Work to complete: Begin at the line holding "下半年财政力度有望加大！A50ETF华宝（159596）成交额突破1.5亿元" and set down exactly each line through the last one below, omitting pictures. Include nothing else.

Data block:

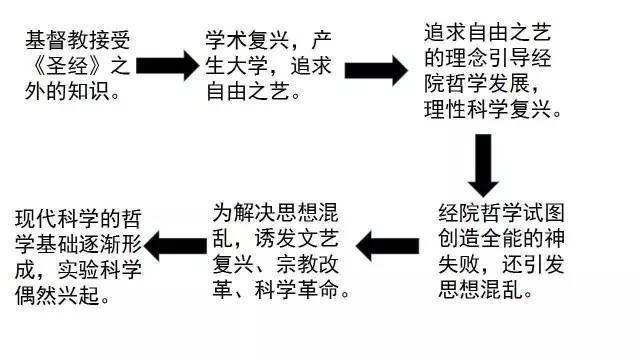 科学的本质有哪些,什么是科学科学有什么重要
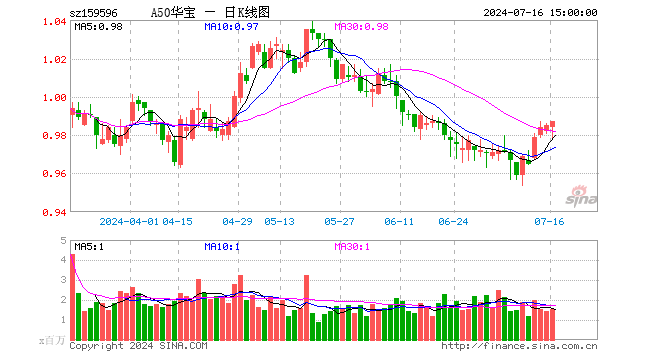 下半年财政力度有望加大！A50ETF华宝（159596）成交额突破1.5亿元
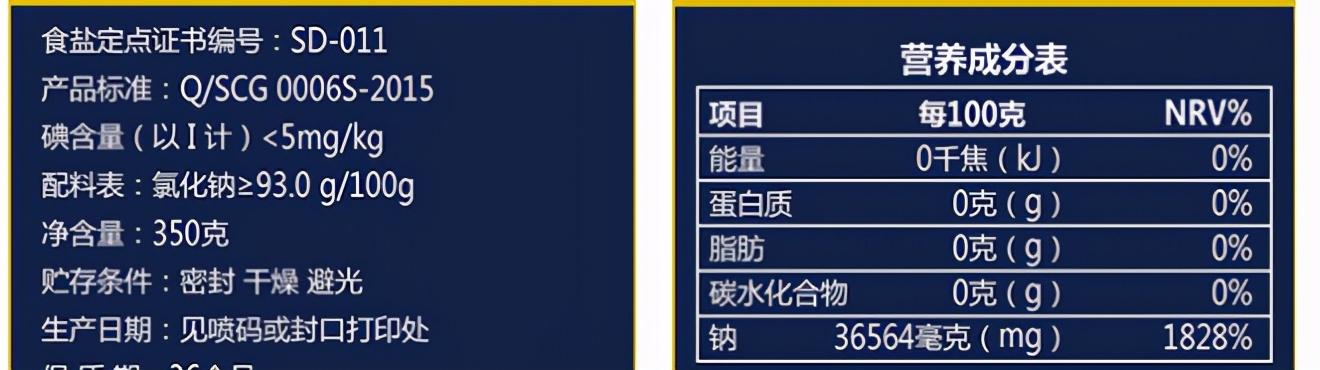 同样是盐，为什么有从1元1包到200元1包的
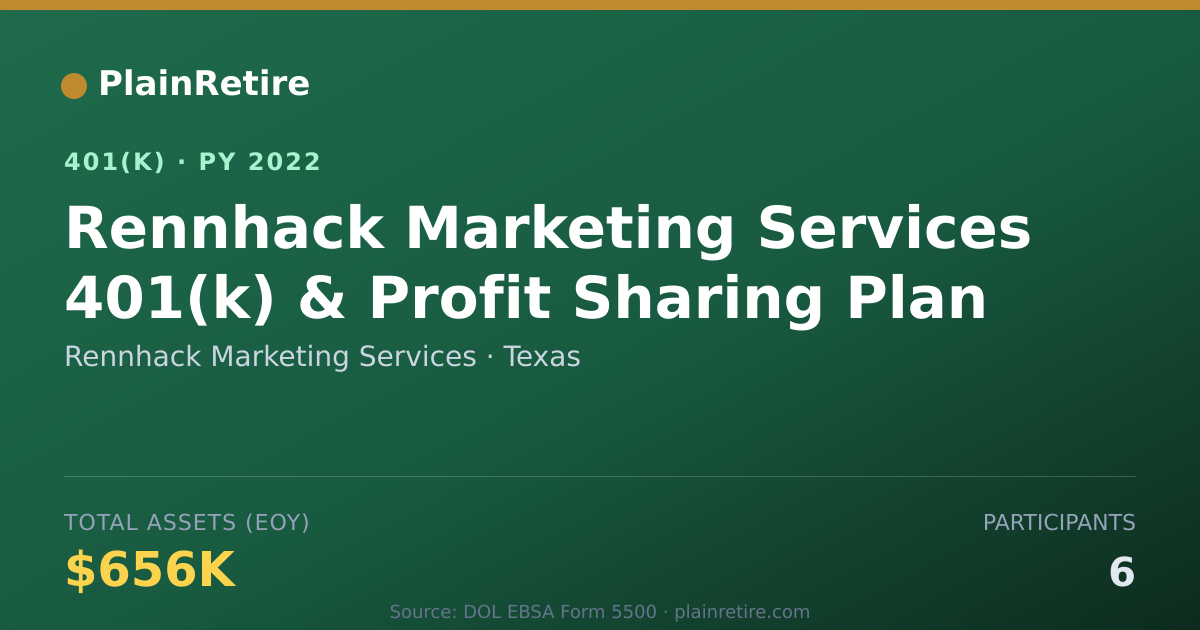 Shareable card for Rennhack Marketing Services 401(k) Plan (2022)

Exercise solution:
 下半年财政力度有望加大！A50ETF华宝（159596）成交额突破1.5亿元
 同样是盐，为什么有从1元1包到200元1包的
 Shareable card for Rennhack Marketing Services 401(k) Plan (2022)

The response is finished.